- How to complete this task: In the listing that follows, give every line again exactly and omit the pictures.

- Given records:

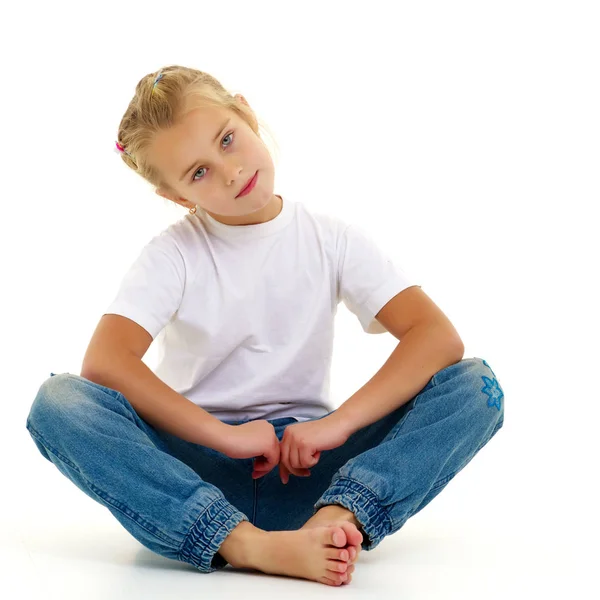 Une petite fille est assise sur le sol dans un T-shirt blanc propre. — Photo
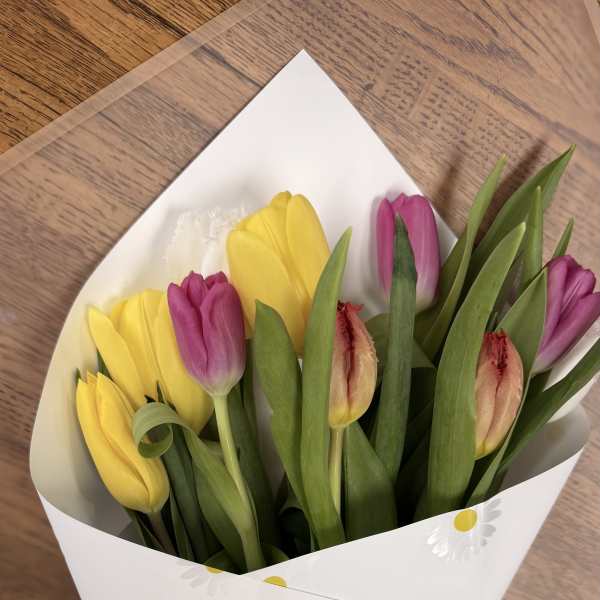 Bouquet of yellow and pink tulips wrapped in white paper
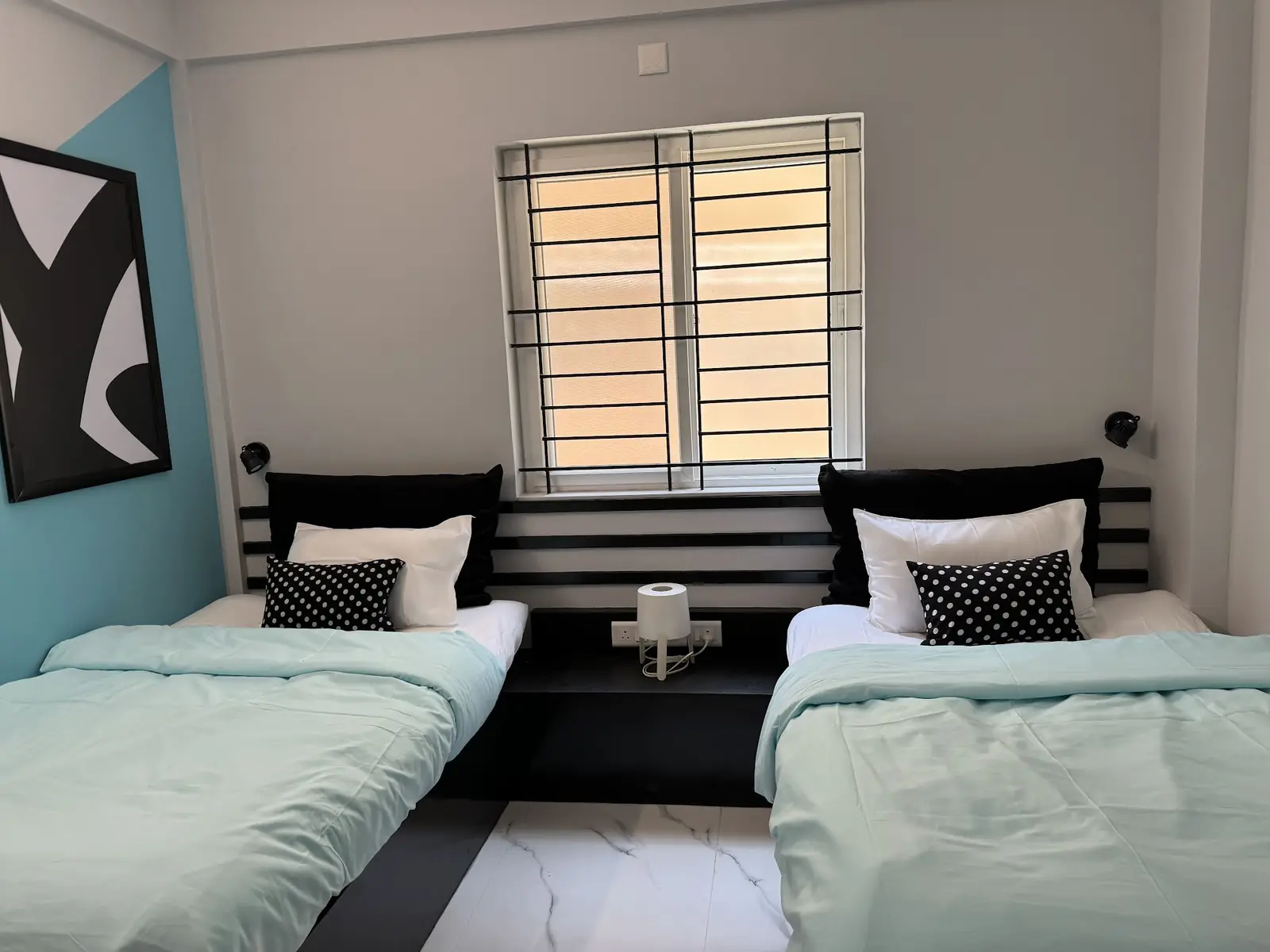 Twin room with a teal wall and an abstract print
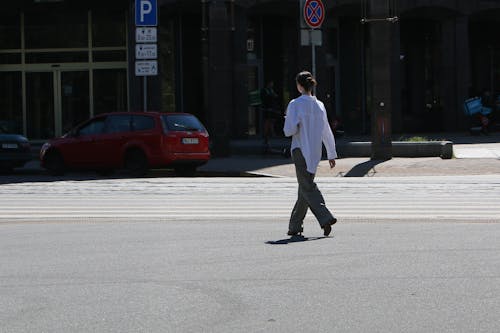 A Woman in White Long Sleeves Walking on the Street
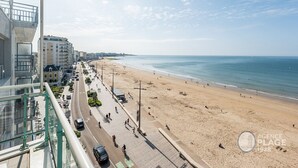 A beach with a clear view of the sea and buildings in the background. - Modern 80m² apartment with wifi, dishwasher, balcony, and sea view (Les Sables-d'Olonne)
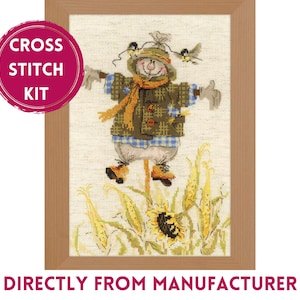 May include: Cross stitch kit featuring a whimsical scarecrow with a brown jacket, blue and white plaid shirt, and a brown hat. The scarecrow is standing in a field of sunflowers and corn.
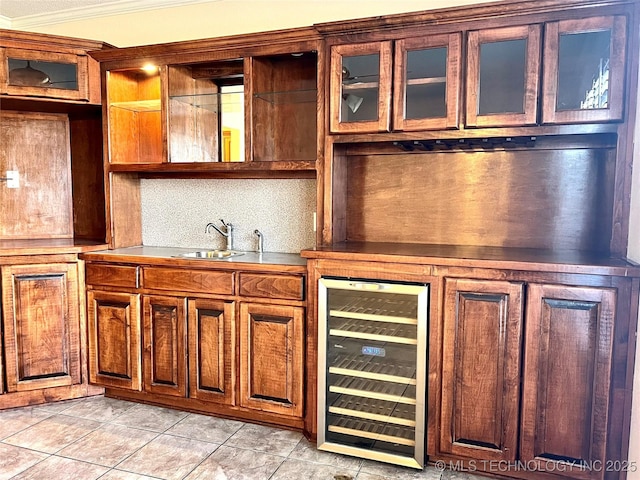 kitchen with backsplash, glass insert cabinets, crown molding, wine cooler, and a sink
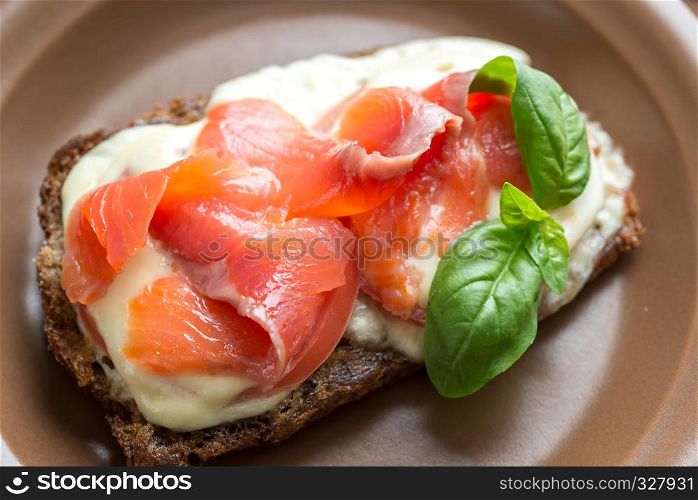 Sandwich with trout, mozzarella and tomatoes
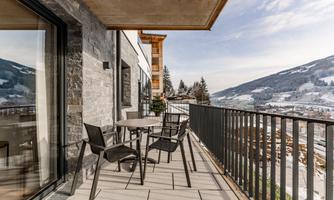 A modern balcony with a table and chairs. In the background, there are snow-covered mountains and a clear sky.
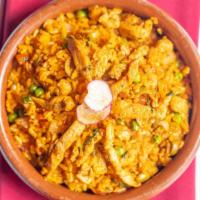 Arroz Con Pollo · Chunks of chicken breast with olives, onions, tomatoes and cilantro, simmered in casserole w...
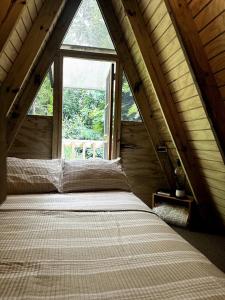 a bed in a room with a large window at Romantic Cozy Serene A Frame Mountain Cabin in Cayey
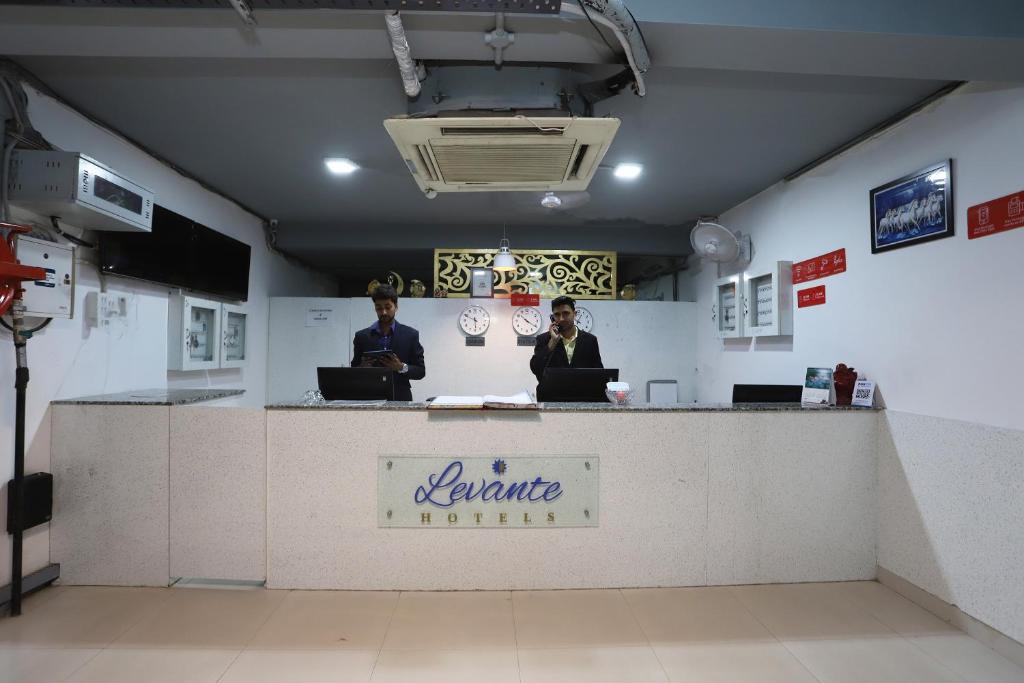 two people standing at a counter with their laptops at Capital O Levanti Near Aravali Biodiversity Park in Gurgaon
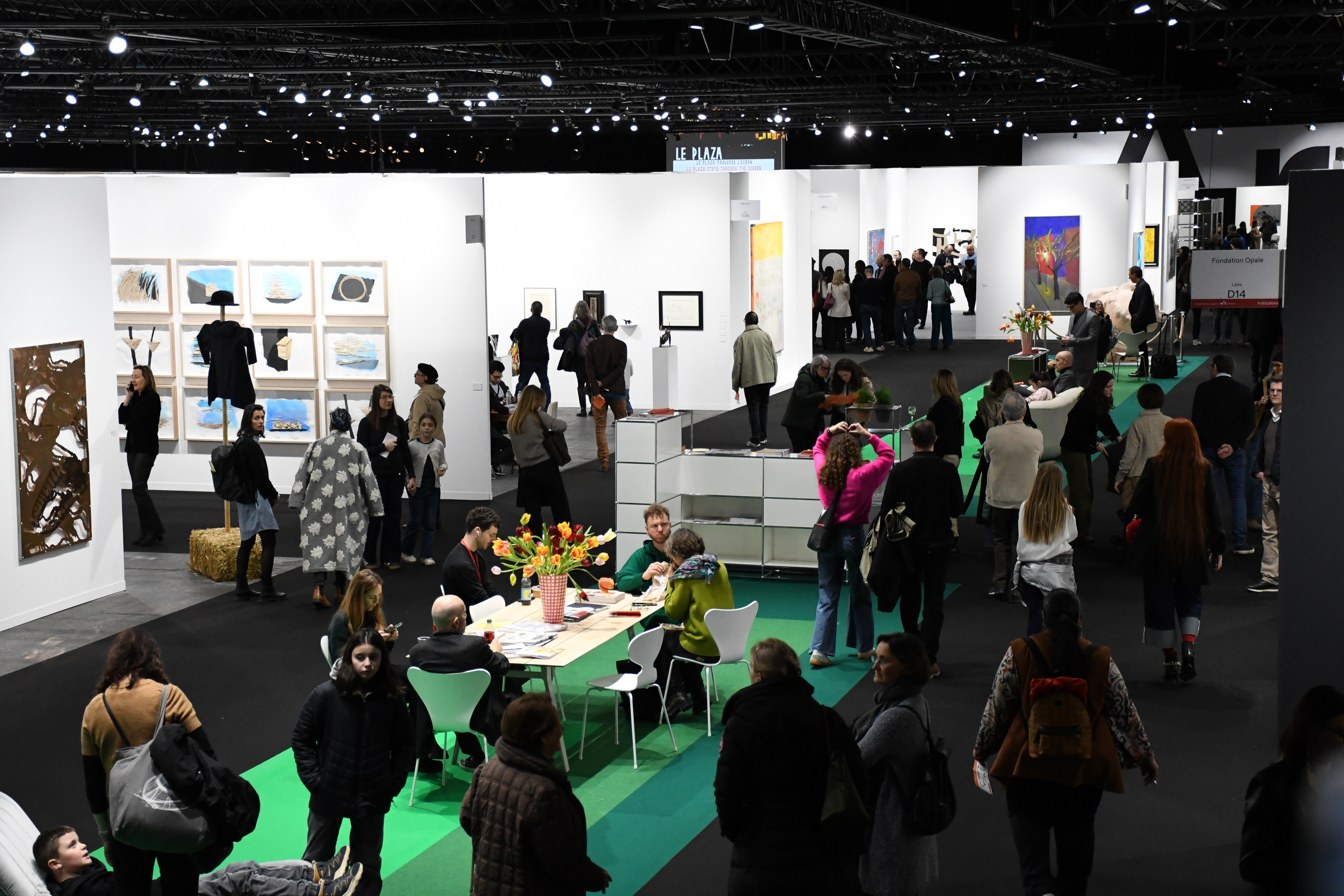 A woman poses for a professional portrait sitting on a red couch in a hotel lobby.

- Solution to this task:
 Une petite fille est assise sur le sol dans un T-shirt blanc propre. — Photo
 Bouquet of yellow and pink tulips wrapped in white paper
 Twin room with a teal wall and an abstract print
 A Woman in White Long Sleeves Walking on the Street
 A beach with a clear view of the sea and buildings in the background. - Modern 80m² apartment with wifi, dishwasher, balcony, and sea view (Les Sables-d'Olonne)
 May include: Cross stitch kit featuring a whimsical scarecrow with a brown jacket, blue and white plaid shirt, and a brown hat. The scarecrow is standing in a field of sunflowers and corn.
 kitchen with backsplash, glass insert cabinets, crown molding, wine cooler, and a sink
 Sandwich with trout, mozzarella and tomatoes
 A modern balcony with a table and chairs. In the background, there are snow-covered mountains and a clear sky.
 Arroz Con Pollo · Chunks of chicken breast with olives, onions, tomatoes and cilantro, simmered in casserole w...
 a bed in a room with a large window at Romantic Cozy Serene A Frame Mountain Cabin in Cayey
 two people standing at a counter with their laptops at Capital O Levanti Near Aravali Biodiversity Park in Gurgaon
 A woman poses for a professional portrait sitting on a red couch in a hotel lobby.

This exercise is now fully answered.